I am interested in a way to measure the detailed performance of a custom Tensorflow Op when run on a GPU.
So far I have tried the approach of this post using a Timeline, as well as the internal Tensorflow Profiler (tf.profiler.Profiler
). Both deliver very similar results, which are fine if I want to investigate a Network, but for profiling a single Op the output is too coarse and doesn't include intra-op calculations (at least I couldn't find a way for that). My next try was using the CUDA profiler nvprof
(or nvvp
for that matter), which is more in the right direction and displays single calls to CUDA kernels and Memory allocations. But now, the CPU calculations are not included. I tried running nvprof --cpu-profiling on
, but now the profiler never finishes (see here)
My scenario is the following: I wrote a custom Op that is very similar to a convolution in 2D and should not take much more time to calculate.

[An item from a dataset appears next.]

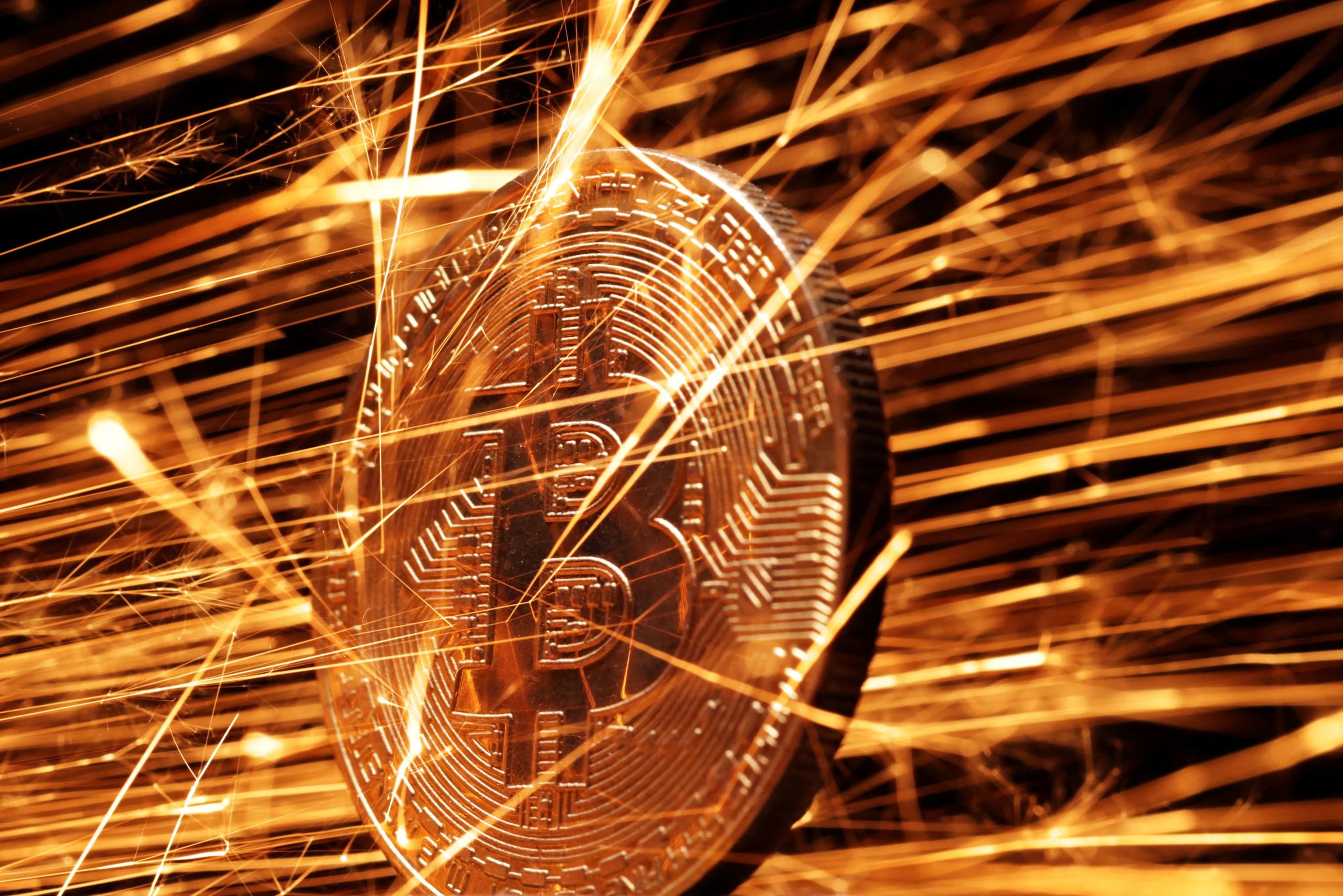 Chispas que representan la criptomoneda Bitcoin en esta ilustración. REUTERS/Dado Ruvic/Ilustración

In a Network, my custom Op's performance is about 3 times worse than tf.nn.conv2d
. Using the tf.profiler.Profiler
I get the following:
Profile:
node name | requested bytes | total execution time | accelerator execution time | cpu execution time
CustomConv2DBackpropInput 72.09MB (100.00%, 7.04%), 194.36ms (100.00%, 38.05%), 49.82ms (100.00%, 17.61%), 144.54ms (100.00%, 63.44%)
CustomConv2D 65.54MB (92.96%, 6.40%), 95.41ms (61.95%, 18.68%), 45.16ms (82.39%, 15.96%), 50.25ms (36.56%, 22.06%)

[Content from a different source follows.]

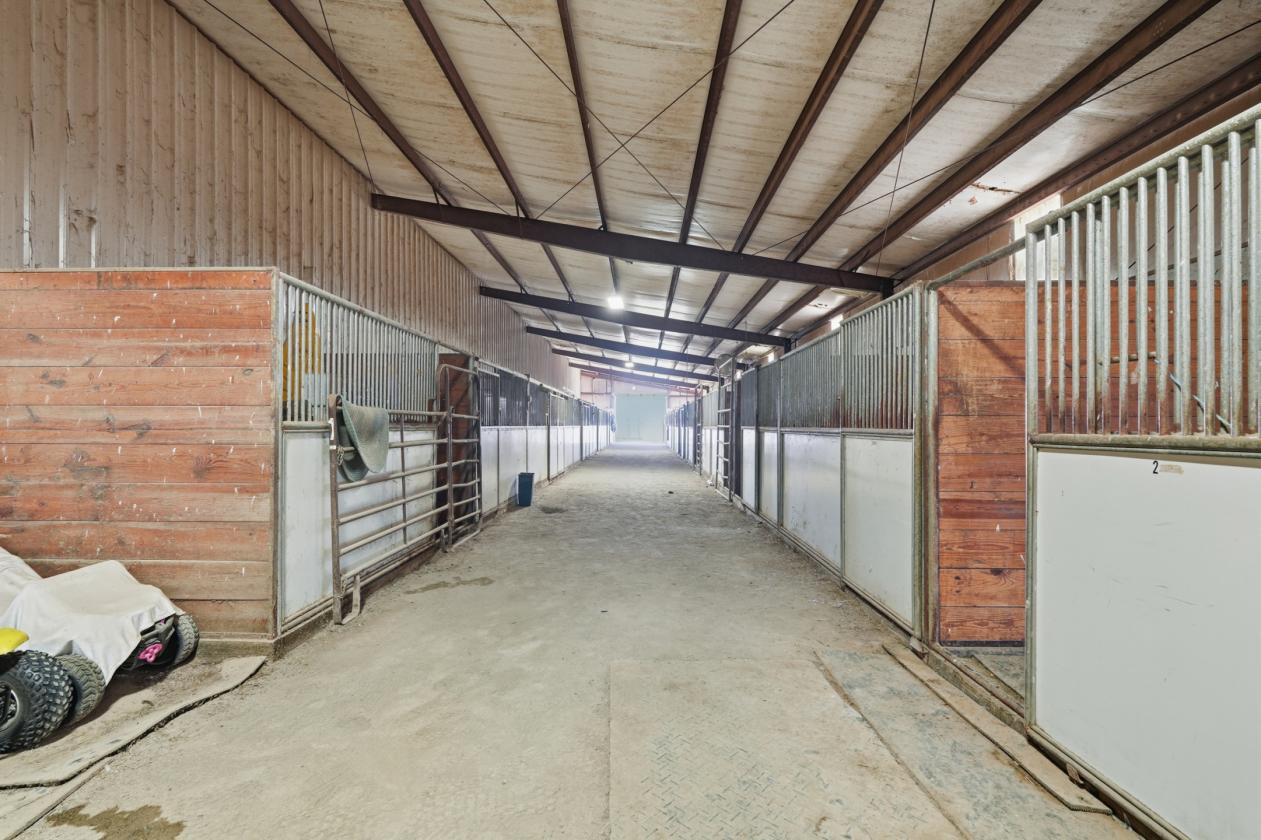 Professional Equine Training Facility & 47.5 Acres - photo 11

CustomConv2DBackpropFilter 134.48MB (86.55%, 13.14%), 72.39ms (43.27%, 14.17%), 41.22ms (66.44%, 14.56%), 31.17ms (14.50%, 13.68%)

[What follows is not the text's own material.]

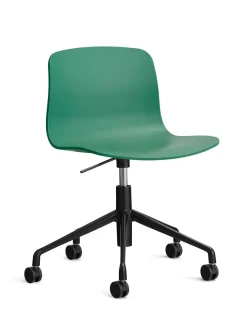 About a Chair AAC51 fra Hay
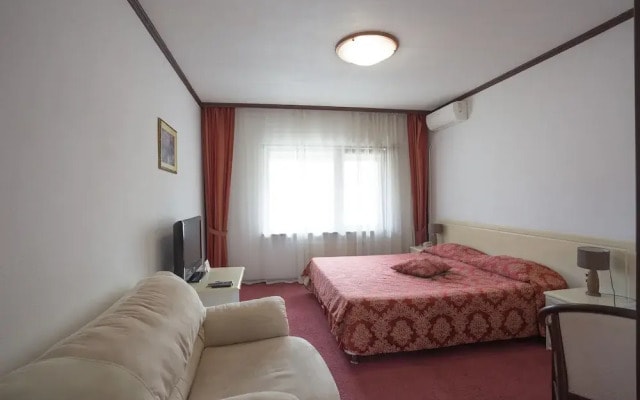 Hotel Genrih-I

Conv2DBackpropFilter 294.68MB (73.41%, 28.79%), 63.39ms (29.10%, 12.41%), 62.80ms (51.87%, 22.19%), 594us (0.82%, 0.26%)
Conv2DBackpropInput 230.97MB (44.62%, 22.57%), 48.77ms (16.69%, 9.55%), 48.16ms (29.68%, 17.02%), 610us (0.56%, 0.27%)
Conv2D 225.74MB (22.06%, 22.06%), 36.50ms (7.15%, 7.15%), 35.84ms (12.66%, 12.66%), 664us (0.29%, 0.29%)
So it seems to me that my custom Ops take about as much time on the GPU, but more than an order of magnitude longer on the CPU. For a GPU Op, that is not acceptable and I'd like to find where my Ops spend this time on the CPU. What additionally startles me, is that my Ops seem to only allocate one third of the GPU Memory that the original Conv Ops do.
Is there a way to get a detailed profile of my custom Op (which includes CPU and GPU usage) that can explain to me what I did wrong and help me fix my mistakes?